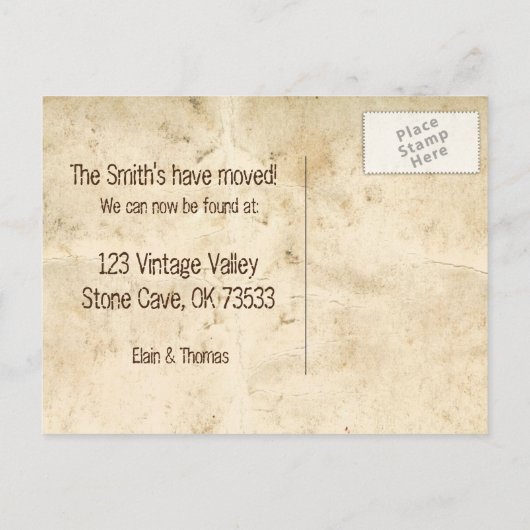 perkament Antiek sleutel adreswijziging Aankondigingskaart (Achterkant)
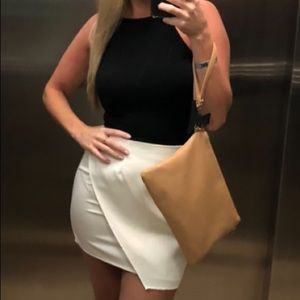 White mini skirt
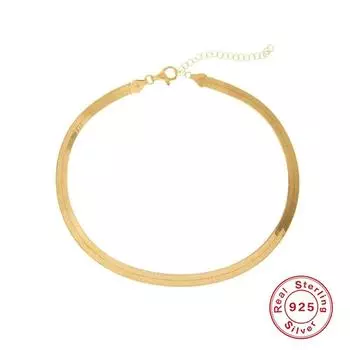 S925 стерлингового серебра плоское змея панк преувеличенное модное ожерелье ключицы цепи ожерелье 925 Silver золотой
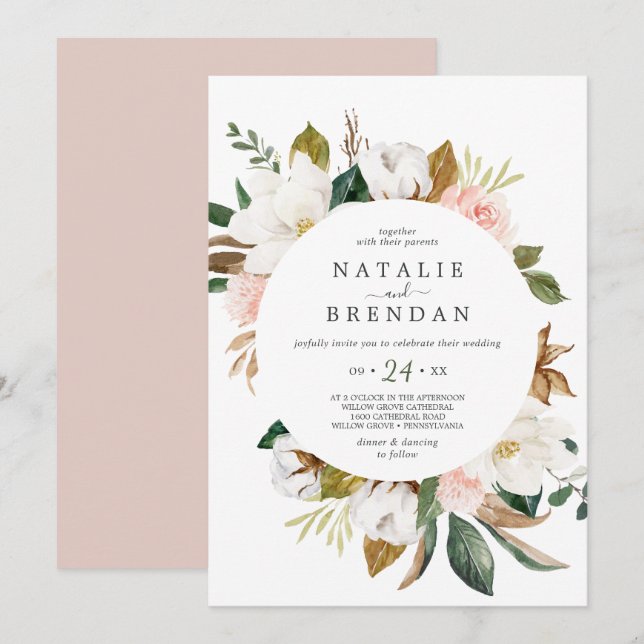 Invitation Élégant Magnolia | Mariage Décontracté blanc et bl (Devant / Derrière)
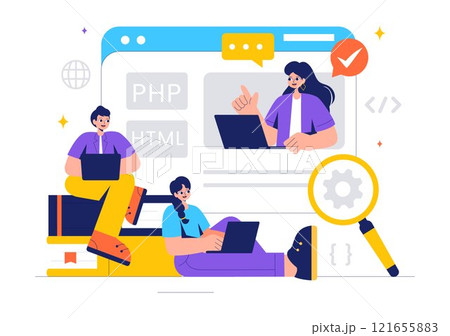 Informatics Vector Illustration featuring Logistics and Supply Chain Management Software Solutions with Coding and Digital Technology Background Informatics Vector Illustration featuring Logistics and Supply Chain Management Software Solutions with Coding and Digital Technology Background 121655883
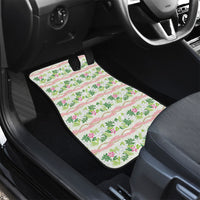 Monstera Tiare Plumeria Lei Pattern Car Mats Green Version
* * *
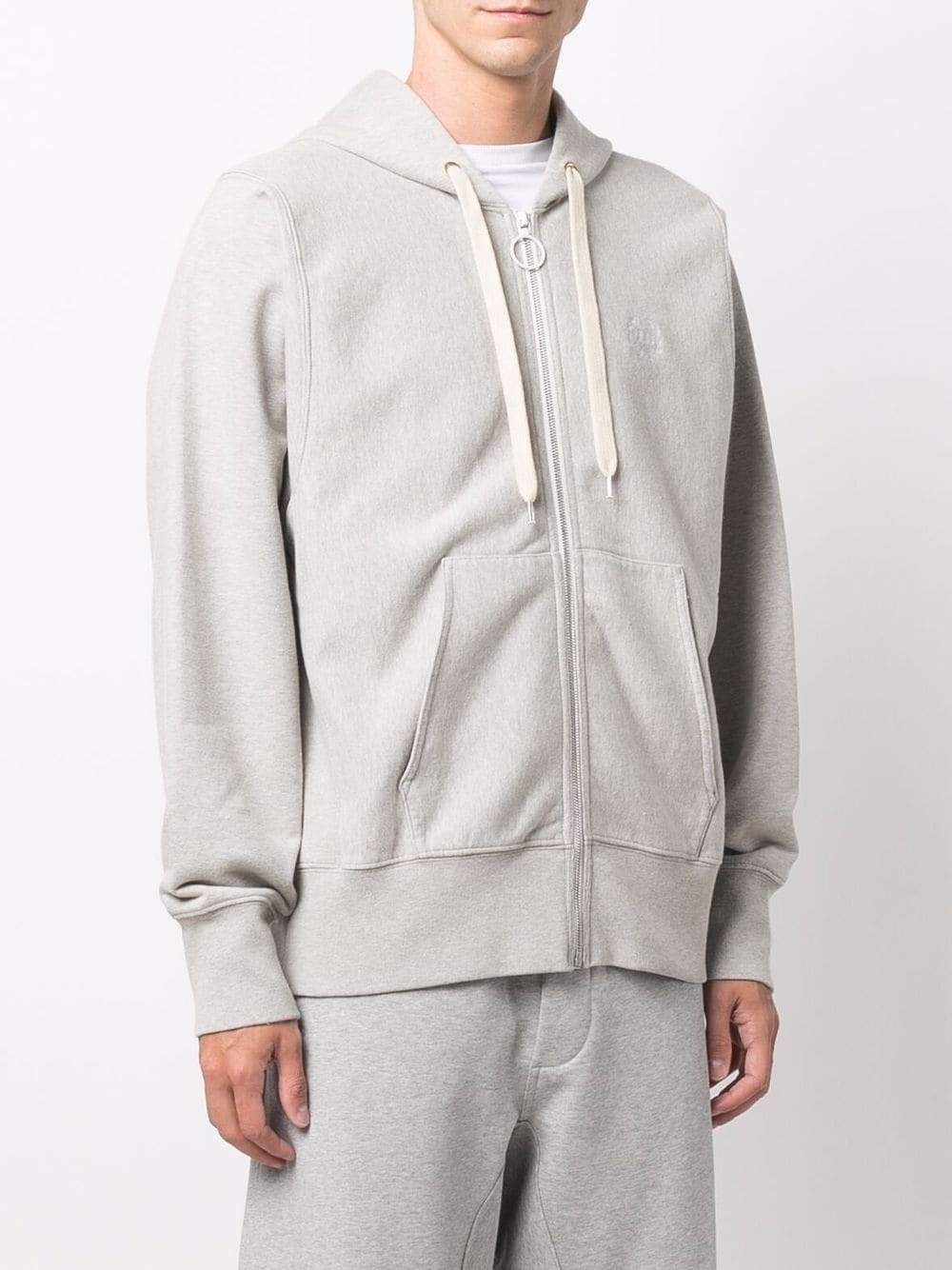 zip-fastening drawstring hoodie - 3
* * *
— The problem —
Only one part of the listing is wanted: the lines from the one containing "S925 стерлингового серебра" through the one containing "Monstera Tiare Plumeria", both included. Please transcribe it exactly, leaving out the pictures.

— Answer below —
 S925 стерлингового серебра плоское змея панк преувеличенное модное ожерелье ключицы цепи ожерелье 925 Silver золотой
 Invitation Élégant Magnolia | Mariage Décontracté blanc et bl (Devant / Derrière)
 Informatics Vector Illustration featuring Logistics and Supply Chain Management Software Solutions with Coding and Digital Technology Background Informatics Vector Illustration featuring Logistics and Supply Chain Management Software Solutions with Coding and Digital Technology Background 121655883
 Monstera Tiare Plumeria Lei Pattern Car Mats Green Version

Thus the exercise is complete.